- [DATASET EXCERPT]:
---

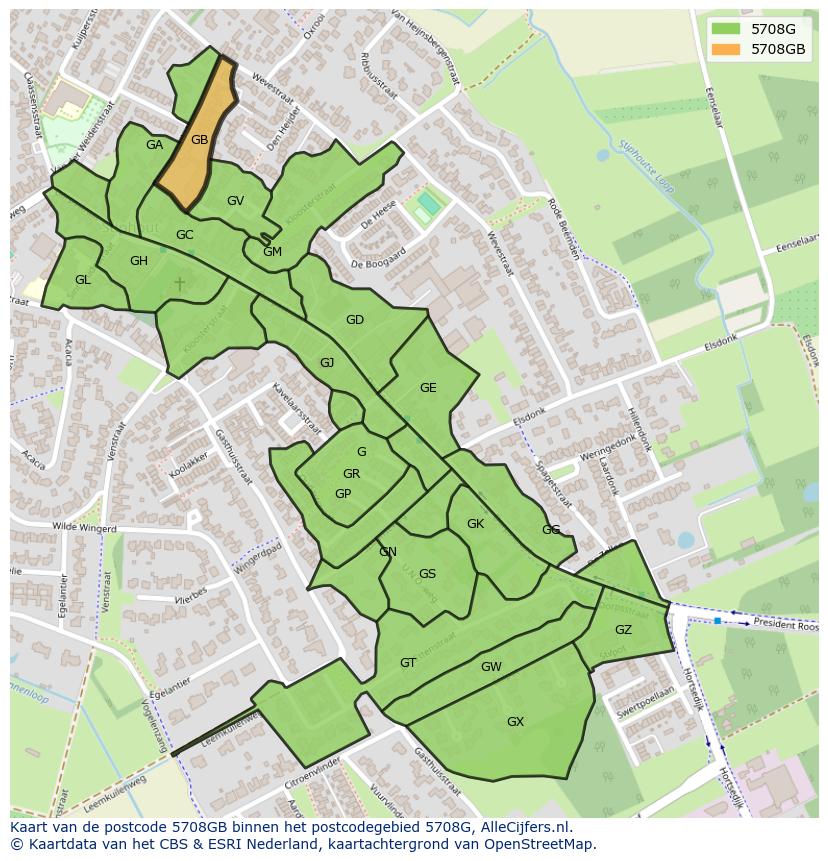 Afbeelding van het postcodegebied 5708 GB op de kaart.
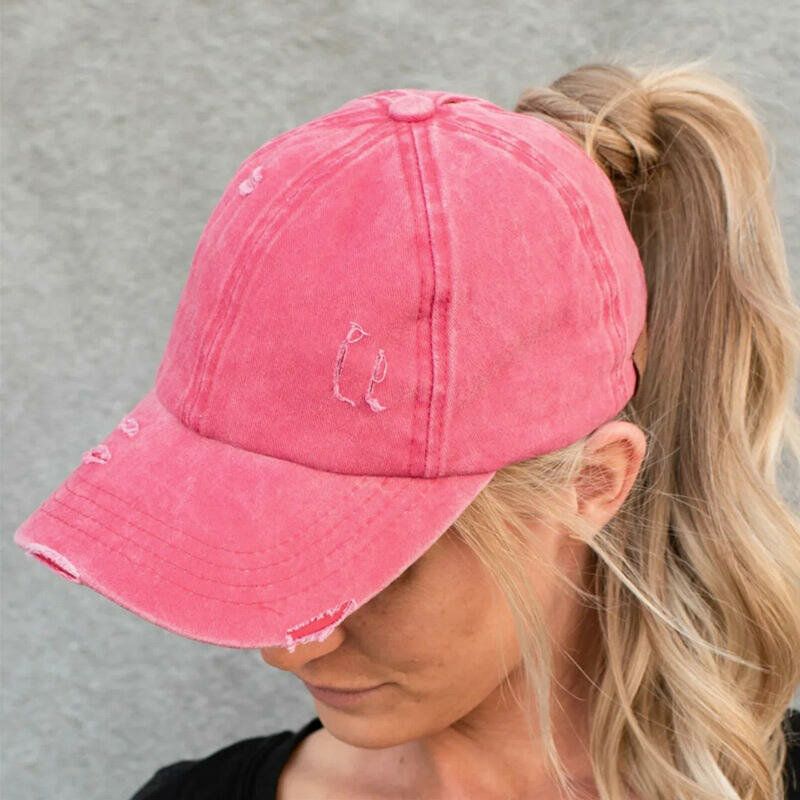 Gorra De Béisbol De Mezclilla Lavada Y Rasgada Con Agujeros De Color Sólido A La Moda Para Mujer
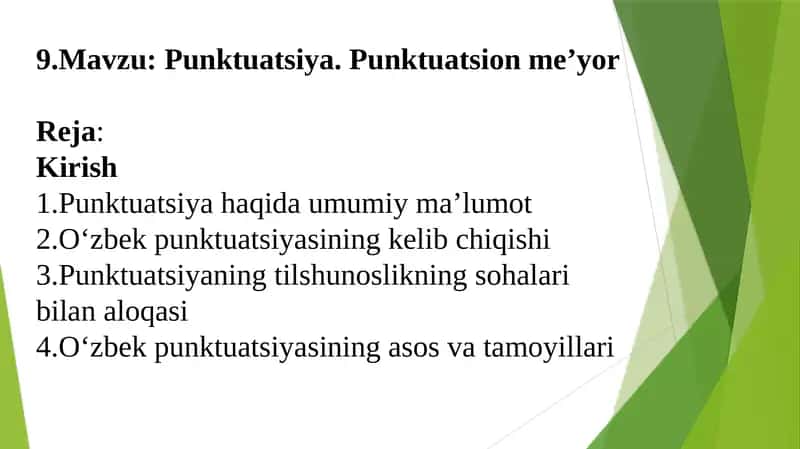 Punktuatsiya. Punktuatsion me’yor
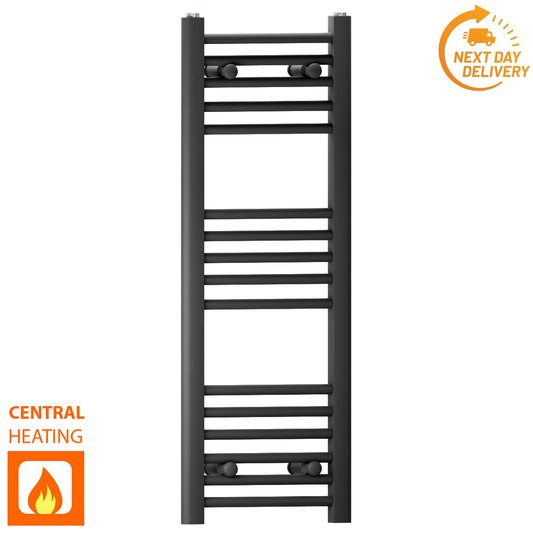 350mm x 900mm Small Matt Black Heated Towel Rail Radiator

---

Would you retype every line shown above exactly, leaving the pictures aside?

- [RESULT FOR THIS TASK]:
 Afbeelding van het postcodegebied 5708 GB op de kaart.
 Gorra De Béisbol De Mezclilla Lavada Y Rasgada Con Agujeros De Color Sólido A La Moda Para Mujer
 Punktuatsiya. Punktuatsion me’yor
 350mm x 900mm Small Matt Black Heated Towel Rail Radiator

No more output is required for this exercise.